The emergence of new drugs that target the TME could potentially expand immuno-oncology’s ability to treat unaddressed patient populations with unresponsive tumors. Using advanced AI tools for in-depth tissue analysis could become a leading way to learn more about the TME, understand drug mechanisms of action, and guide the discovery and development of a new class of immuno-oncology drugs.
- D Hanahan, R Weinberg, “Hallmarks of cancer: the next generation,” Cell, 144, 646 (2011). PMID: 21376230.
- D Hanahan, “Hallmarks of cancer: new dimensions,” Cancer Discov, 12, 31 (2022). PMID: 35022204.

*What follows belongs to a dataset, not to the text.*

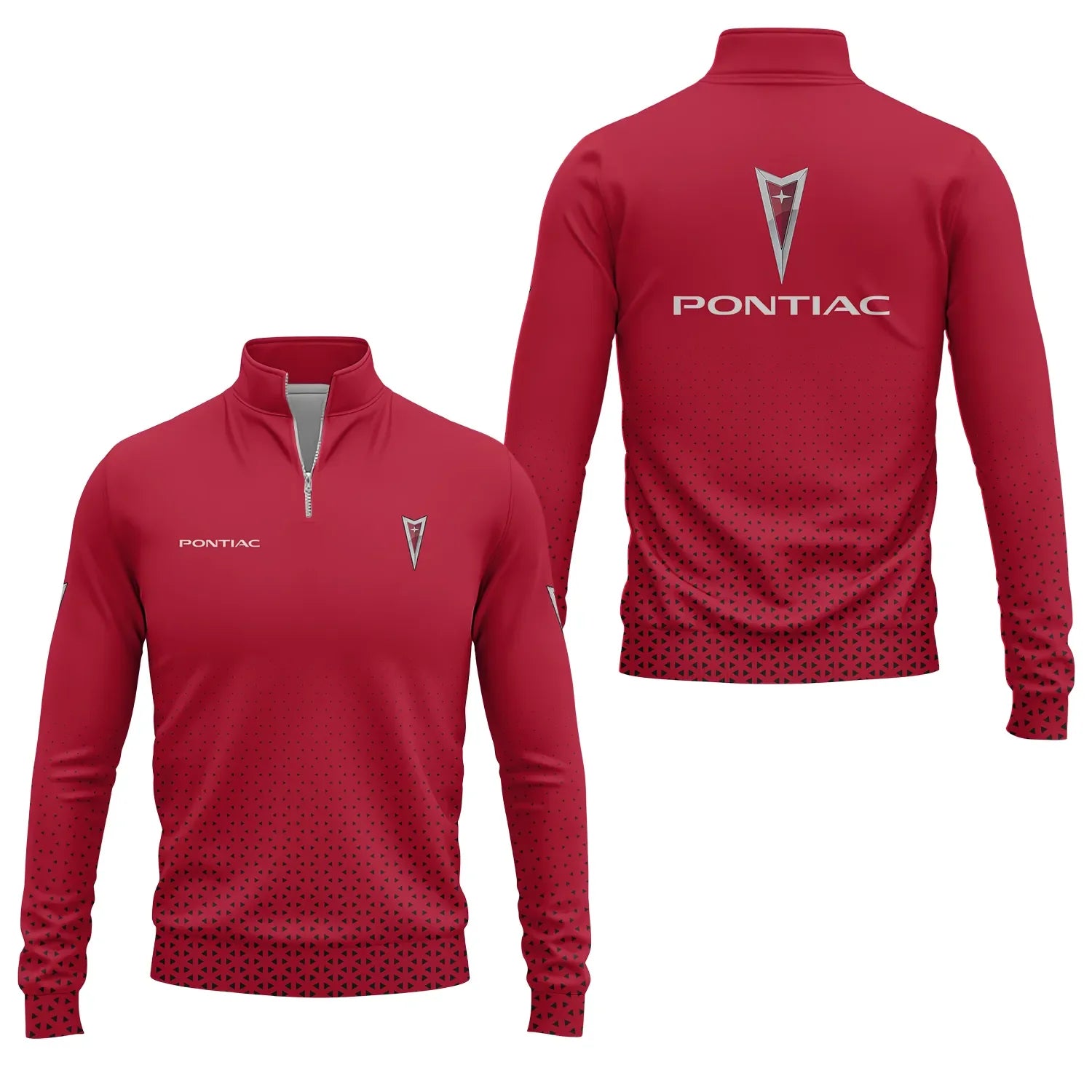 Pontiac Quarter-zip Pullover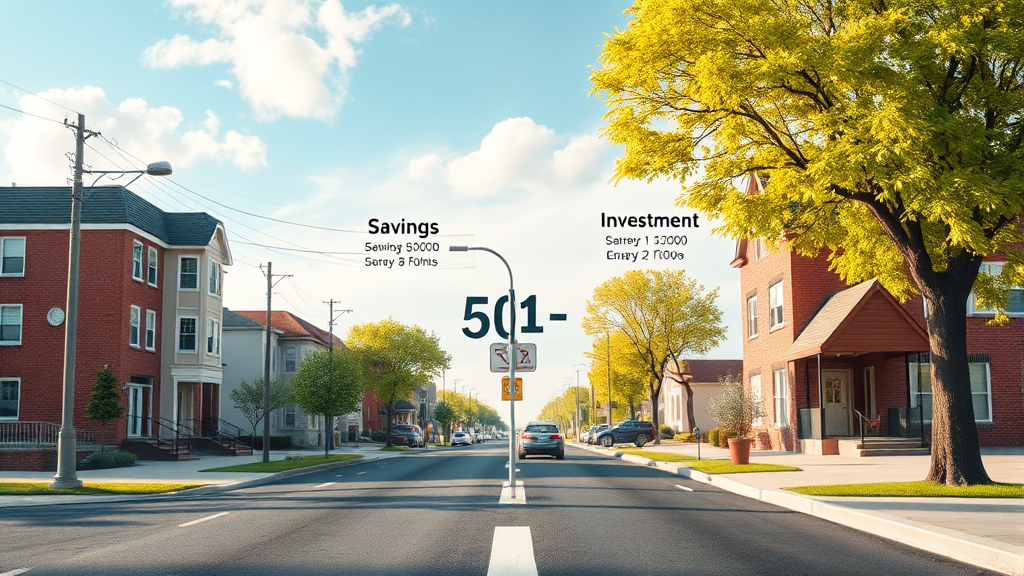 통장 쪼개기의 기본 원칙 (realistic 스타일)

- A Bagaev et al., “Conserved pan-cancer microenvironment subtypes predict response to immunotherapy,” Cancer Cell, 39, 845 (2021). PMID: 34019806.
- E Ofek et al., “Predicting response to pembrolizumab in non-small cell lung cancer, by analyzing the spatial arrangement of tumor infiltrating lymphocytes using deep learning,” J Clin Oncol, 39, 9045 (2021).
- GT Gibney et al., “Predictive biomarkers for checkpoint inhibitor-based immunotherapy,” Lancet Oncol, 17, e542 (2016). PMID: 27924752.
- M Datta et al., “Reprogramming the tumor microenvironment to improve immunotherapy: emerging strategies and combination therapies,” Am Soc Clin Oncol Educ Book, 39, 165 (2019). PMID: 31099649.
- MA Socinski et al., “Atezolizumab for first-line treatment of metastatic nonsquamous NSCLC,” N Engl J Med, 378, 2288 (2018). PMID: 29863955.